A 6.4-magnitude quake struck Friday off the coast of Papua New Guinea, the United States Geological Survey said, but no destructive Pacific-wide tsunami was expected.
The quake, which was initially reported at 6.9 magnitude before being revised lower, hit at a depth of 65 kilometres (40 miles) in the New Britain region.
"It would have been very widely felt," said seismologist Emma Mathews from Geoscience Australia, which put the quake's reading at 6.6 magnitude and a depth of 69 kilometres.
Mathews said while the threshold for a local tsunami was any quake within a depth of 100 kilometres, the Pacific Tsunami Warning Centre said that based on all the available data there was no threat of a destructive wave.
Geoscience Australia said the tremor could have been felt by people up to 836 kilometres away from its epicentre off the sparsely populated west coast of the island of New Britain, while damage could have been caused within a 67 kilometre radius.
There were no immediate reports of damage.
Earthquakes are common in Papua New Guinea, which sits on the so-called Pacific Ring of Fire, a hotspot for seismic activity due to friction between tectonic plates.

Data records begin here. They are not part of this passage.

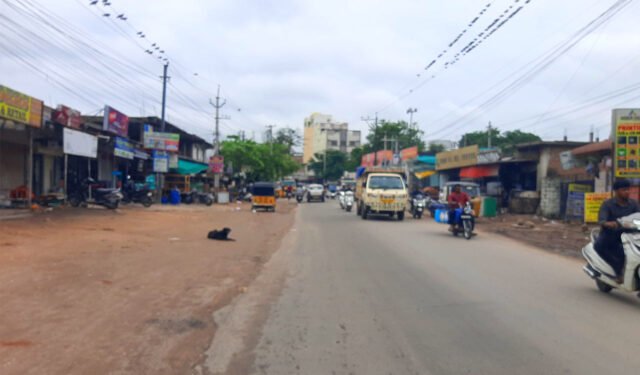 Hyderabad-Dark-damaged-Barkas-Shaheennagar-stretch-troubles-airport-bound-motorists-and-locals.jpg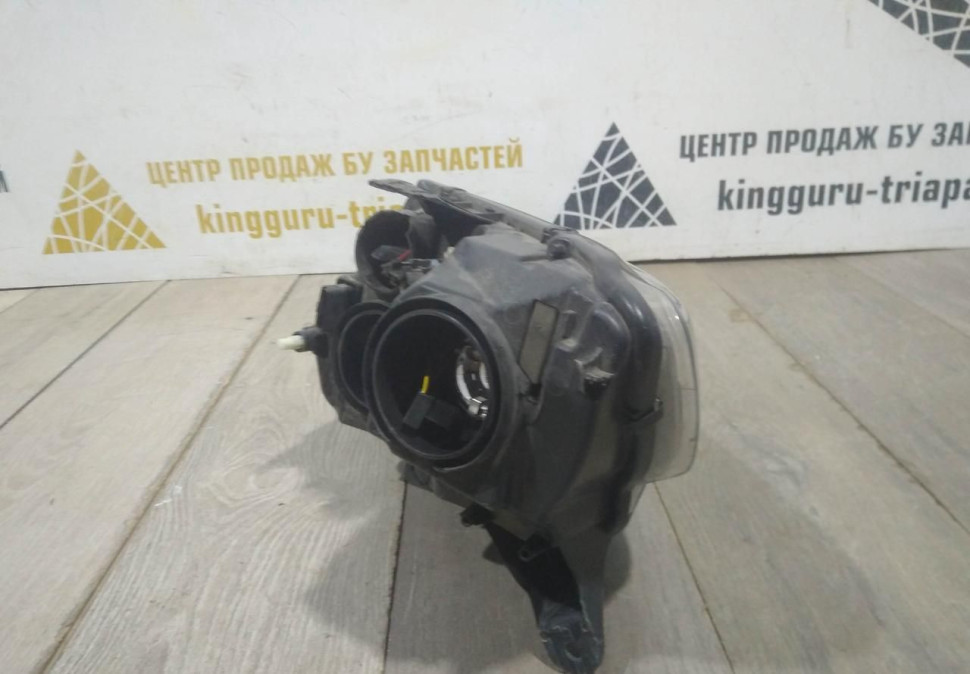 Фара правая бу Renault Logan 2 OEM 260105559R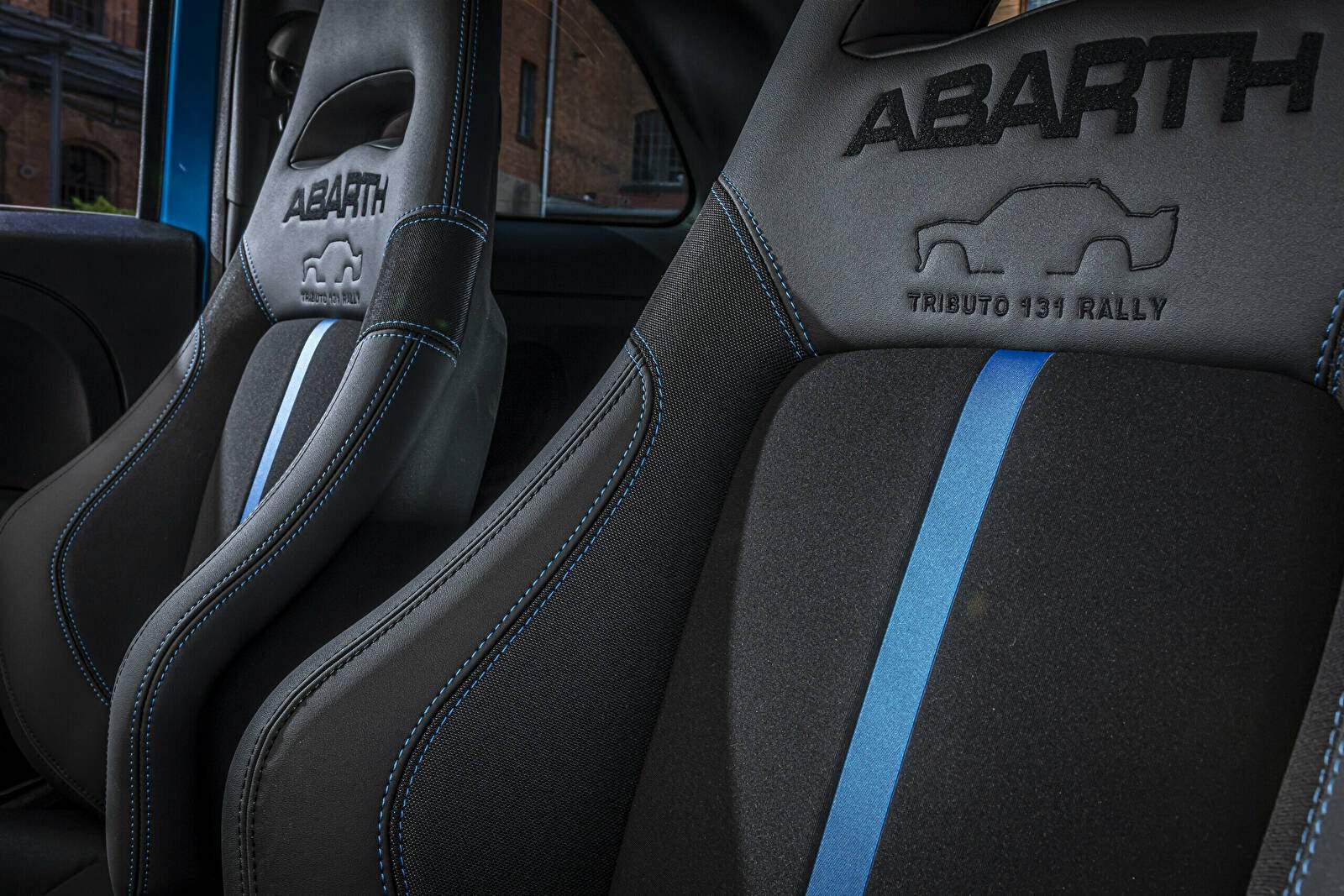 Abarth 695 "Tributo 131 Rally" (2022),  ajouté par fox58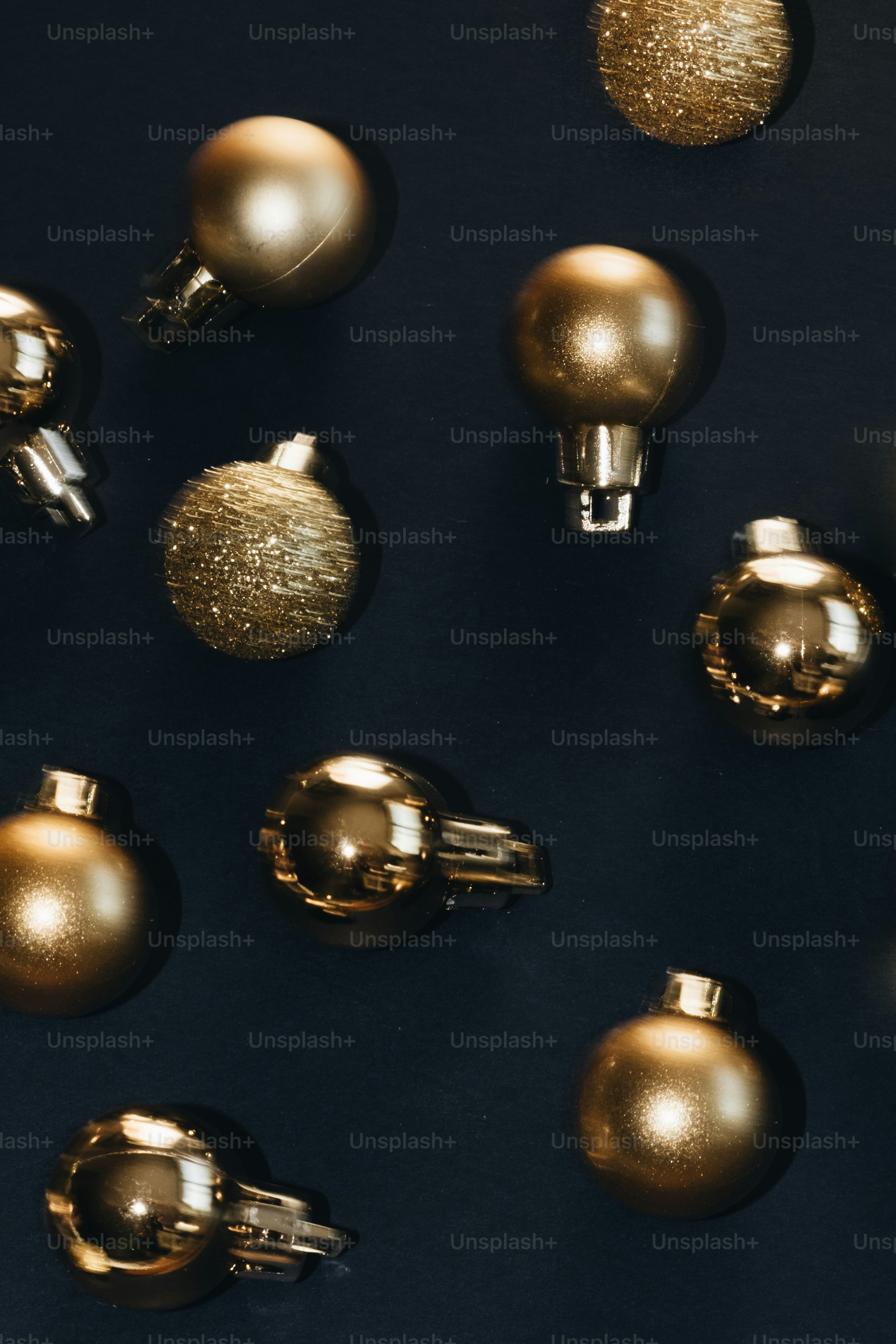 Eine Sammlung von goldenem Weihnachtsschmuck auf schwarzem Hintergrund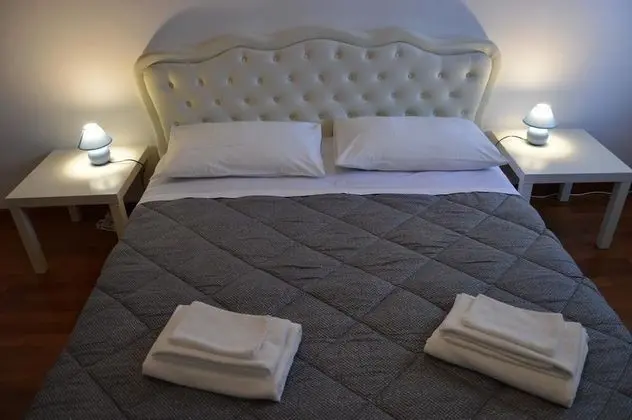 Tek Büyük Yataklı Oda, 1 Büyük (Queen) Boy Yatak, Ortak Banyo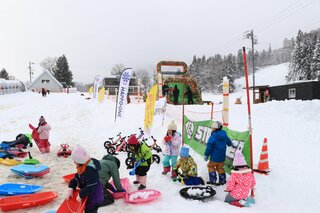 子供たちが喜ぶ環境が整うなきやまスノーランド。安全に雪遊びができる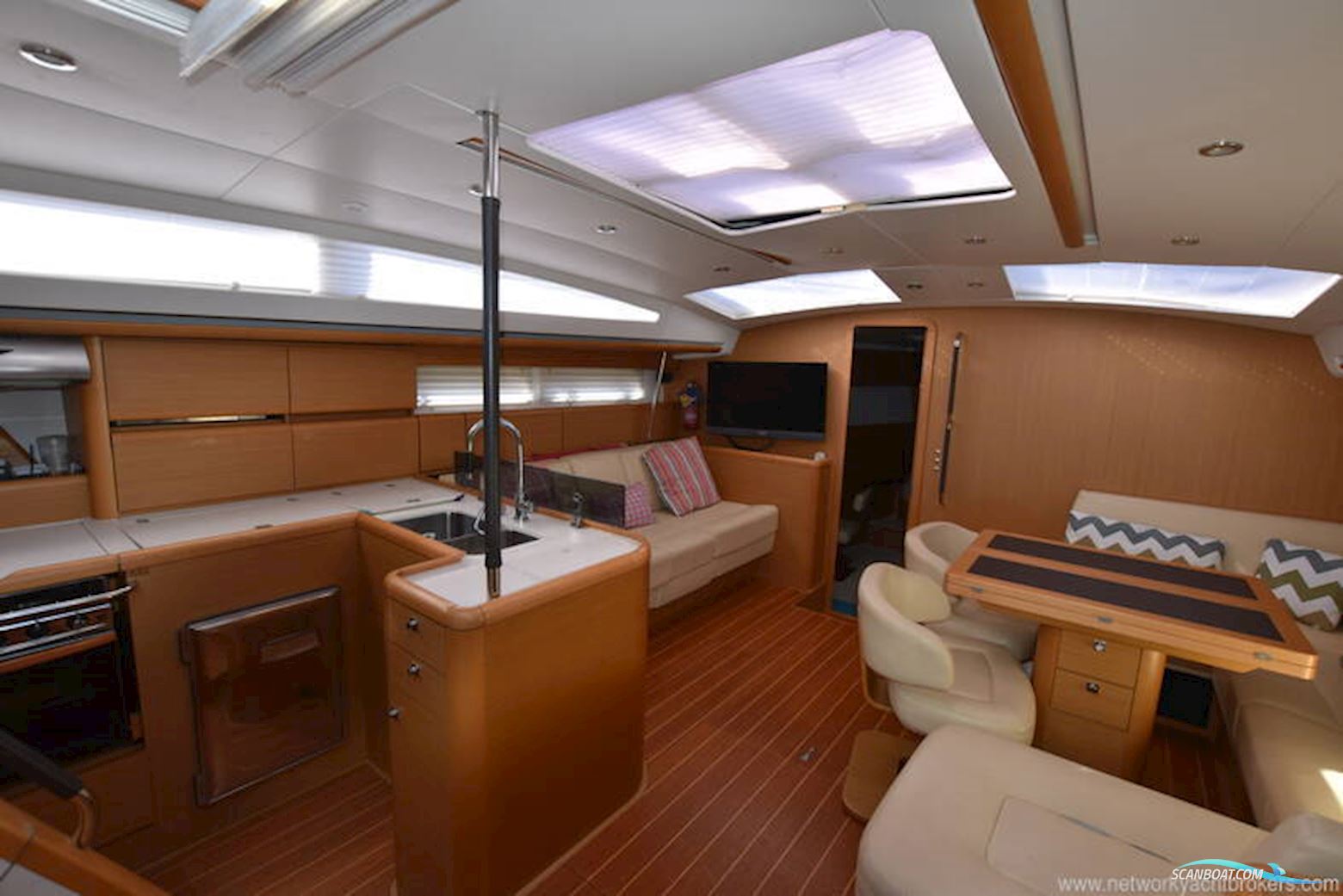 Jeanneau 57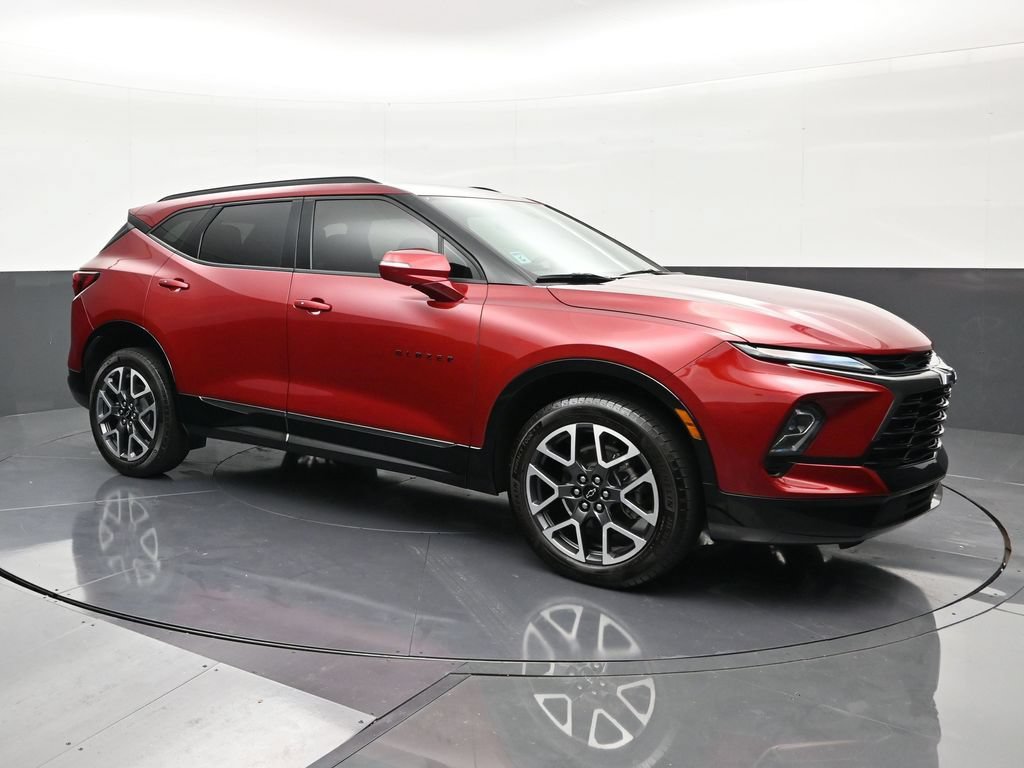 Used 2025 Chevrolet Blazer RS FWD image 7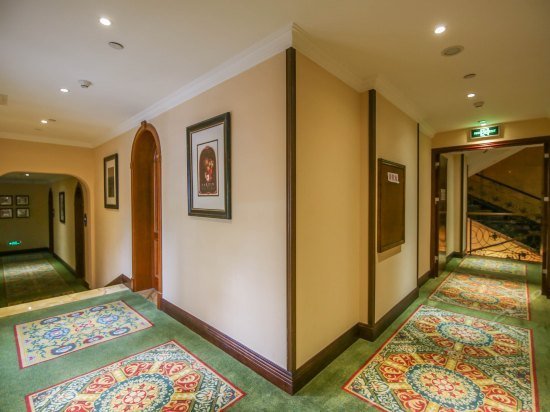 Yue Jiang Lan Hotel
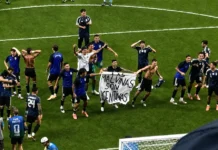 La bandera que mostraron los jugadores tras el triunfo ante Inglaterra: “Las Malvinas son argentinas”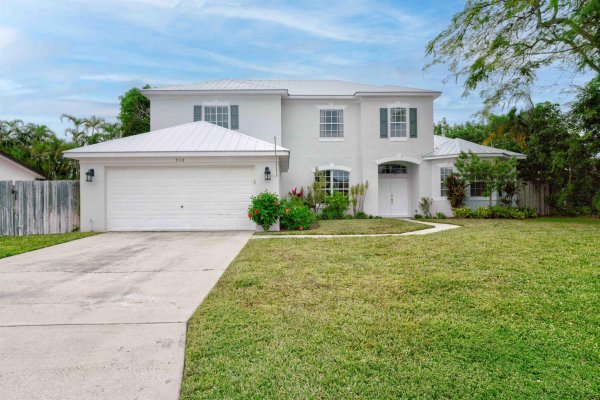 938 Marlin Dr Jupiter, FL 33458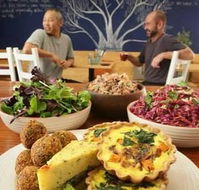 Organic Feast Wholefoods Cafe - Accommodation in Brisbane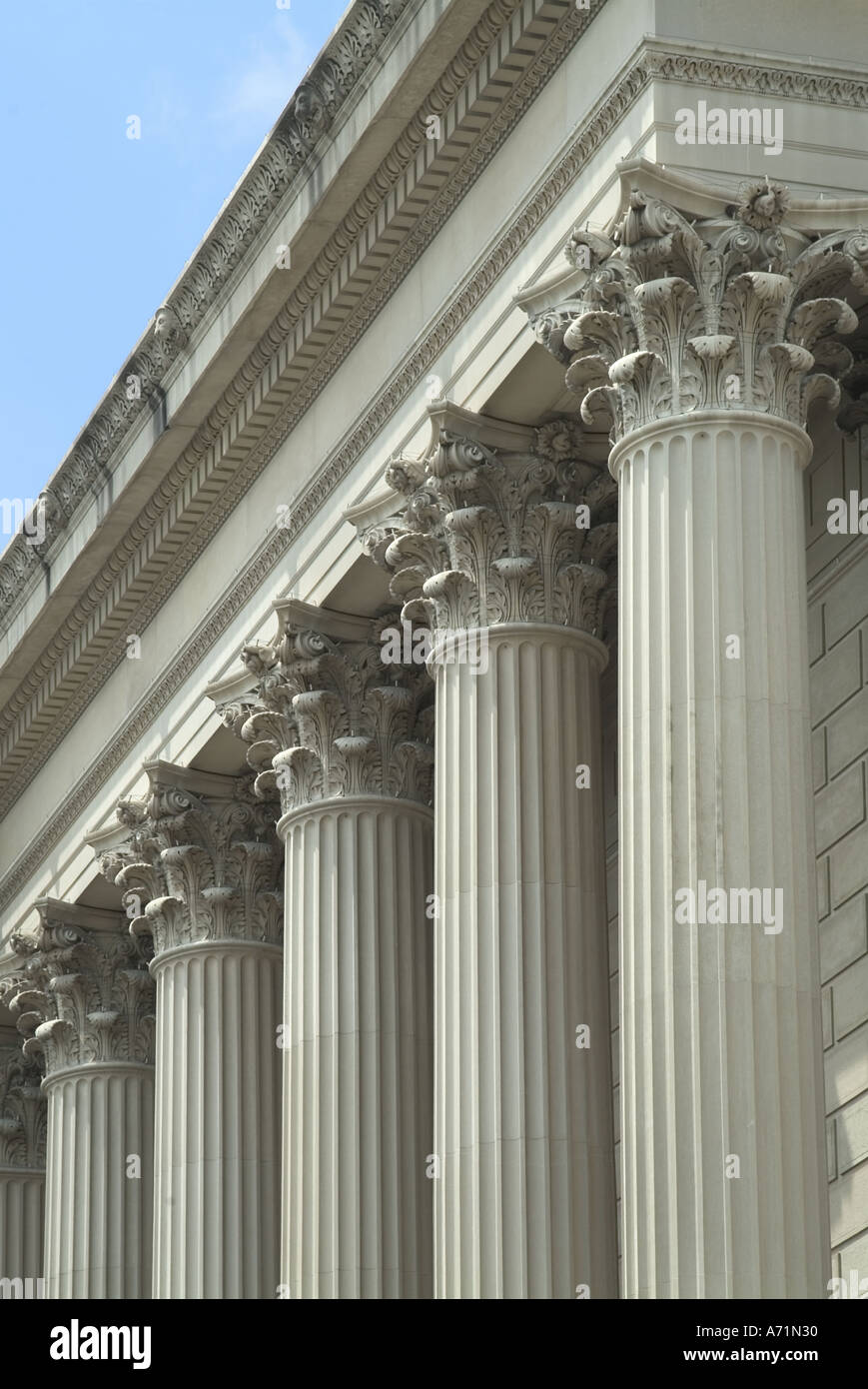 Korinthischen Entablature Säulenreihe Stockfoto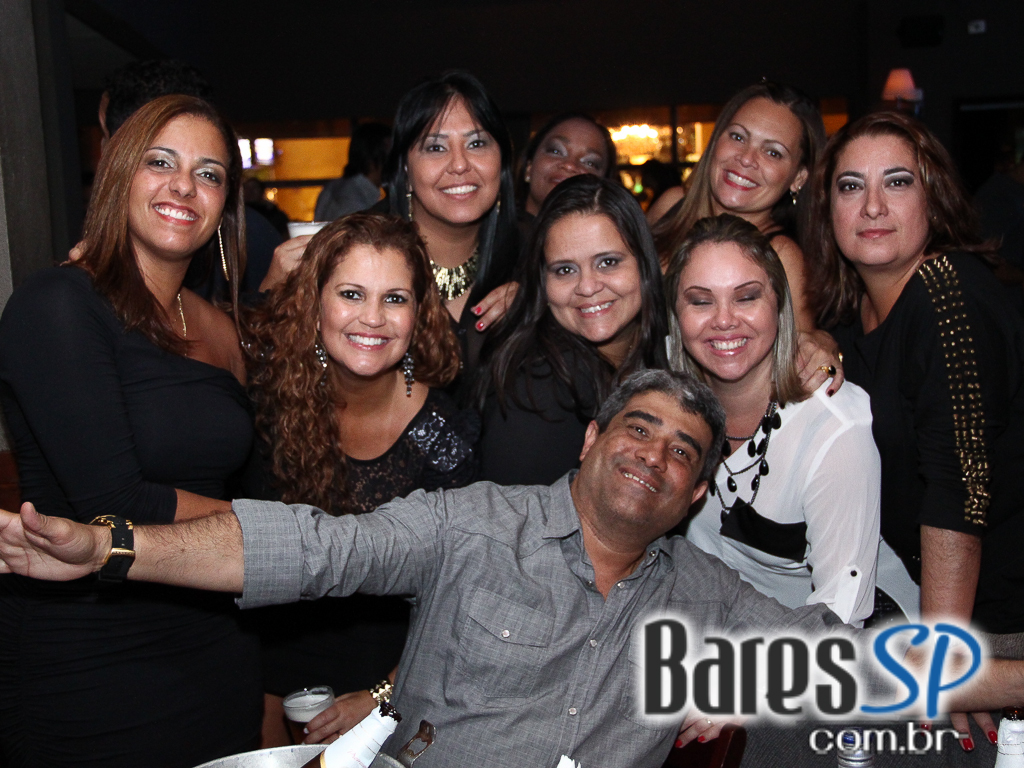 Aconteceu na sexta-feira a noite Popnejo no Maevva Bar Aconteceu na sexta-feira a noite Popnejo no Maevva Bar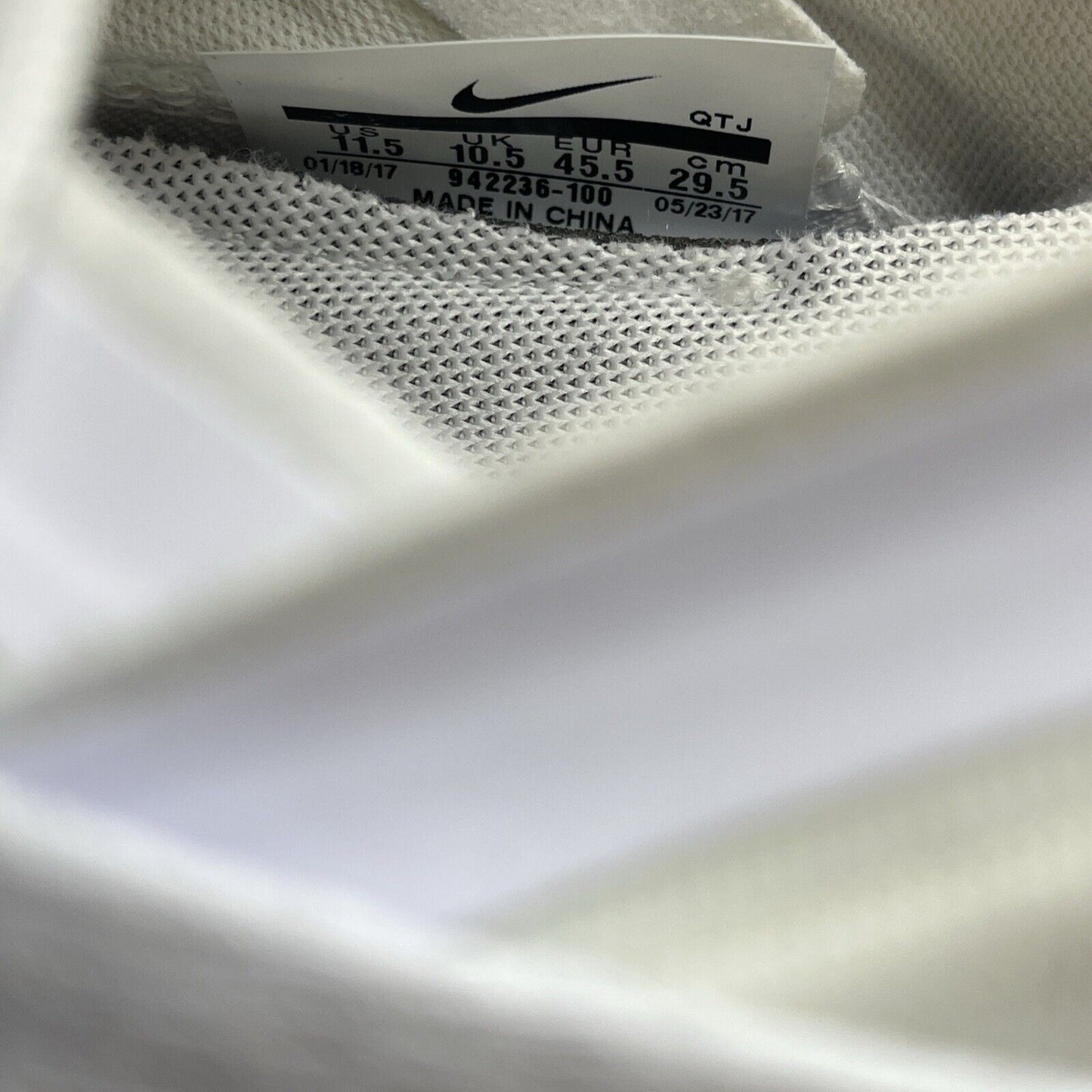 Size 11.5 - Nike Air Max Flair Triple White Suede Leather (942236-100)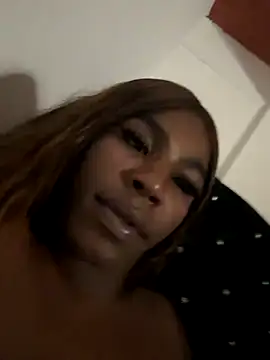 Snapshot of Richchocolatesweet_ chatting on 14, 11, 2025 Richchocolatesweet online show from 14, 11, 2025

In April a powerful 7.1-magnitude tremor struck off Papua New Guinea off the town of Panguna on the remote and volcanic Bougainville island. It which was followed by a 6.7-magnitude quake a little further from the town.
In 2013 the neighbouring Solomons Island were hit by a devastating tsunami after an 8.0-magnitude earthquake rattled the region. That tsunami left at least 10 people dead, destroyed hundreds of homes and left thousands of people homeless.